We’re now well into 2012 — well, we’re at least past the point of accidentally writing 2011 by mistake. 2011 has come and gone, the numbers are all in, and you should now have a pretty good picture of how your staffing business weathered the year. For most staffing companies, January 2012 started off stronger than January 2011. All indicators show the staffing industry to be fairly strong for the coming year. With spring just around the corner, now is a great time to focus on a little bit of house keeping.
With all the tax changes that have occurred in the last few months, have you spent the time to review the profitability of each of your placements?
Changes to the tax code can make a big impact on your profit margins. That can cause quite an unpleasant surprise if you’re not taking the changes into account when determining your markups.
FUTA Credit Reduction is one area that has negatively impacted many staffing companies. In November 2011, 20 states and the Virgin Islands lost a portion of their Federal Unemployment tax credit, resulting in additional tax liabilities due January 31, 2012.
States that incurred FUTA Credit Reductions in 2011 were: Arkansas, California, Connecticut, Florida, Georgia, Illinois, Indiana, Kentucky, Michigan, Minnesota, Missouri, Nevada, New Jersey, New York, North Carolina, Ohio, Pennsylvania, Rhode Island, Virgin Islands, Virginia and Wisconsin. (Michigan has paid their loan in 2012 and will therefore not have a credit reduction in 2012.)

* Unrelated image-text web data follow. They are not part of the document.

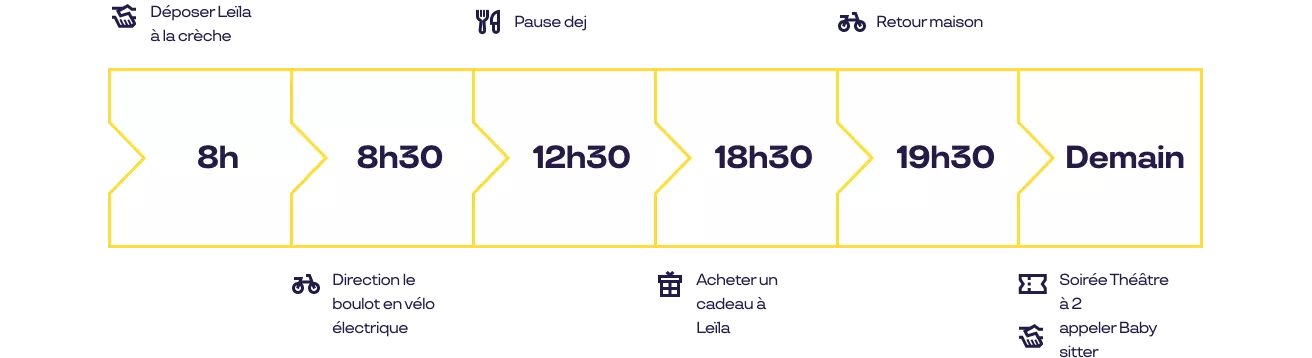 Faites rayonner votre culture d’entreprise au-delà du boulot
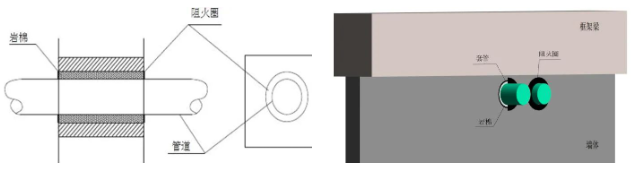 橋架、母線、管道、風(fēng)管：防火封堵如何施工？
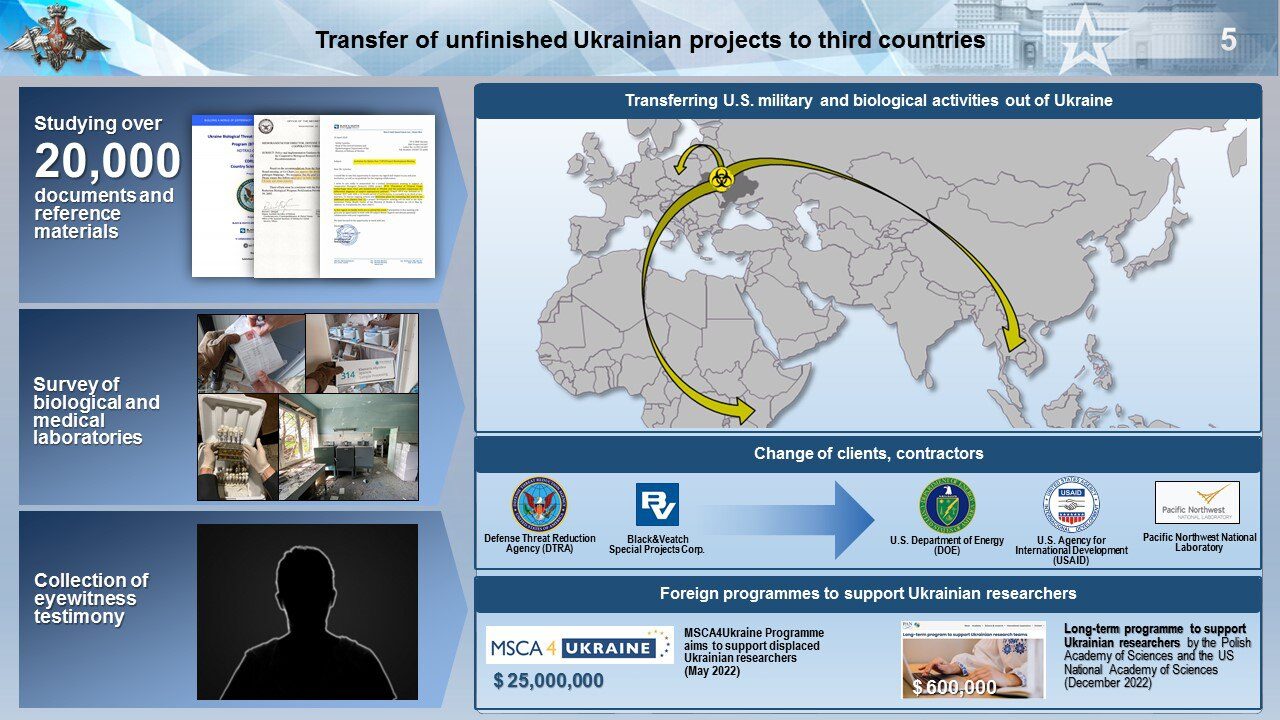 ukraine biolabs
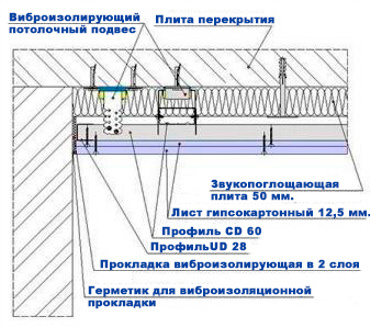 Звукоизоляция потолка. Каркасные звукоизоляционные конструкции.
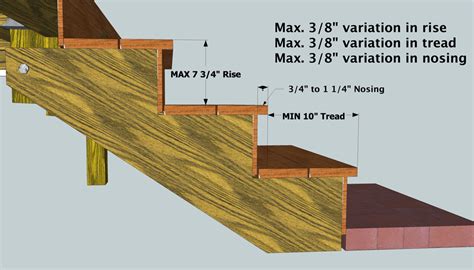 2009 IRC Code: Stairs | THISisCarpentry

Were you one of the many business owners required to dig deep into your pockets to pay this liability?
Most staffing owners were not able to recoup this additional liability in their billings during 2011. Now is the time to make sure you’re covered for 2012.
Have you included this 0.3% liability in your bill rates for 2012? Unfortunately, it is anticipated that these same states will lose a portion of their FUTA tax credit for 2012, as well. It is also possible that there may be additional states added to this list for 2012.
One such state is Arizona. Arizona recently announced that they will not be paying off their loan this year, resulting in a FUTA tax credit loss for the current year.
What have you done to plan for this possible tax liability?
If you outsource your payroll processing, is your current provider offering to start withholding the anticipated increased rate so you are not getting slapped at the end of the year with a large, unexpected liability? If you’re not sure, it’s definitely worth a phone call or email to find out.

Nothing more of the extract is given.